The Agricultural Revolution gave rise to what we now see as civilization itself. The Industrial Revolution resulted in an industrial society organized around jobs that has shifted over 80 percent of the population off the farm and into urban centers, and in which “corporations such as General Motors, Standard Oil, and U.S. Steel … achieved the scale and power of nations in just a matter of decades.” Davidow and Malone note that the “good jobs” that industrial firms like that provided, with decent salaries, benefits, relative security, and self-esteem and solidarity tied to the workplace, have been a relatively recent phenomenon that “has been with us for less than seventy-five years.” And they are becoming increasingly rare again.
The technologies that are replacing previously institutional services are often cheap and free to use, driving down both costs and profits, and rarely create new markets or secondary benefits as Industrial Age technologies did (think of the automobile > highways > suburbs > shopping centers, etc.). They are, in the authors’ words, “efficiency engines” that fail to produce ancillary opportunities or added jobs, but remove the need for jobs altogether by replacing humans with machines, and actually decrease the size of markets. Think of the newspaper business, postal service, and even Hallmark, which have all seen precipitous job losses. Think of streaming music platforms that have made it easier than ever to get music, and grown into multibillion-dollar businesses in the process, but have shuttered retail record stores, and “eliminated far more jobs than they’ve created, directly or indirectly,” at the same time that “they have greatly reduced the flow of revenue to artists.” As they explore how the rise of autonomous vehicles will upend transportation and the trucking industry, and how information proxies like the financial services industry and much of physical retail will be automated, we understand how those job losses are just just early harbingers of what is to come.
The picture they paint of the future is largely one of increased abundance, but also of an increased concentration of wealth and income inequality. That is, if there are opportunities left to make any income at all—opportunities that are already in decline, leaving many already un- and underemployed.
The immediate consequence of this has been large numbers of people living lives of despair.
Our economy is now bipolar, with a traditional economy at one end and a virtual one at the other. The traditional economy is biased toward inflation. The economy at the other end, the Autonomous Economy, is biased toward deflation.
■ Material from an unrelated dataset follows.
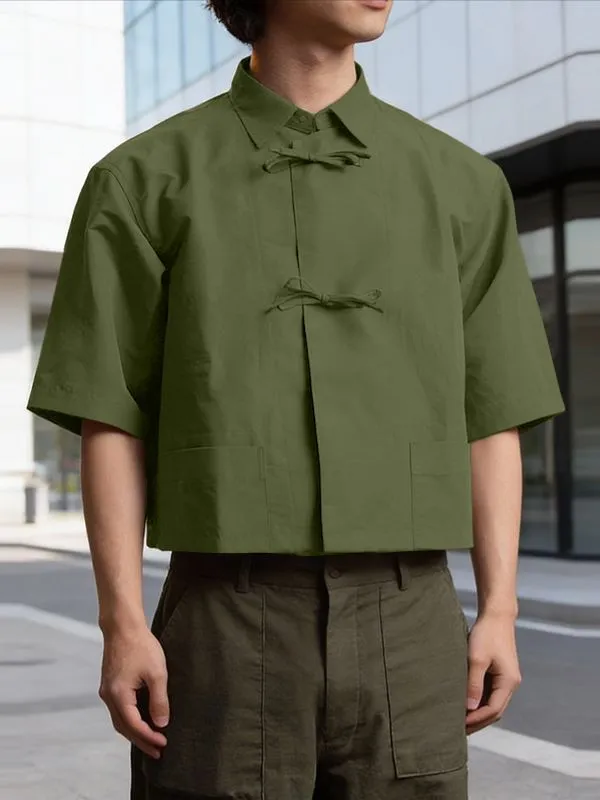 Men's Solid Color Bow Button Short Sleeve Shirt SKUL56279 sold by Incerunmen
“The middle class,” the authors observe, “is mired in this bipolar trough.” The cost of basic necessities like food, housing, and healthcare is rising—sometimes dramatically—and that is before throwing in the cost of higher education, which has left so many burdened by debt before they even get started in jobs where, if they still exist, wage stagnation has resulted in real incomes that haven’t risen in more than a generation.
They also assert that the link between increases in per capita GDP and overall quality of life has been broken. Contrary to others’ popular prognosis, they show how worker productivity has, in fact, increased, but it is non-monetizable productivity—especially for workers, and often even for employers. Clayton Christensen’s theory of "disruptive innovation" may still hold true, as new businesses and new business models replace older ones…
But this time things will also be different, because many of the businesses that replace existing ones will make markets smaller. … Newspapers were big business, but the online news services that replaced them employ fewer people and make less money. An application that facilitates the direct transfer of funds will generate less revenue per customer than a credit card company does.
This is one of the reasons why they believe the idea that we are in the midst of a Fourth Industrial Revolution is not only inadequate, but false—that it doesn’t accurately describe the extent or type of the change we find ourselves in. And if we don’t face that reality, we risk applying old rules and solutions to what are fundamentally new phenomena and challenges:
Industrial Revolutions have been about physical products that are produced by physical machines and distributed by physical trucks, trains, and ships, in environments controlled by human hands and minds. The Autonomous Revolution is about autonomous workers, autonomous systems, and of a life lived sometimes in the physical world, sometimes at the intersection of the virtual world and the physical world, and others times completely in virtual space. Humans controlled the machines that replaced their muscle power, but the autonomous machines that we have created will increasingly control us.
To imagine what those kind of structural transformations look like, consider just the recent changes in how we create and consume media:
The physical infrastructures that support media have changed … Screens, smartphones, and fiber optic cables have replaced newstands, delivery trucks, and printing presses. Media business models are different. … In the past, broadcast television was free and you paid for your local newspaper. Today, you subscribe to online video services but can read hundreds of newspapers, from every corner of the world, on your screens for free.
All of this took place rather seamlessly to us as consumers of the media, but not to those who work in those industries. Of course, some propitiously positioned companies have built platforms that have brought them enormous wealth and power in this transformation. Just as previous phase changes in the Agricultural and Industrial Revolutions have given rise to powerful empires, Davidow and Malone explain how…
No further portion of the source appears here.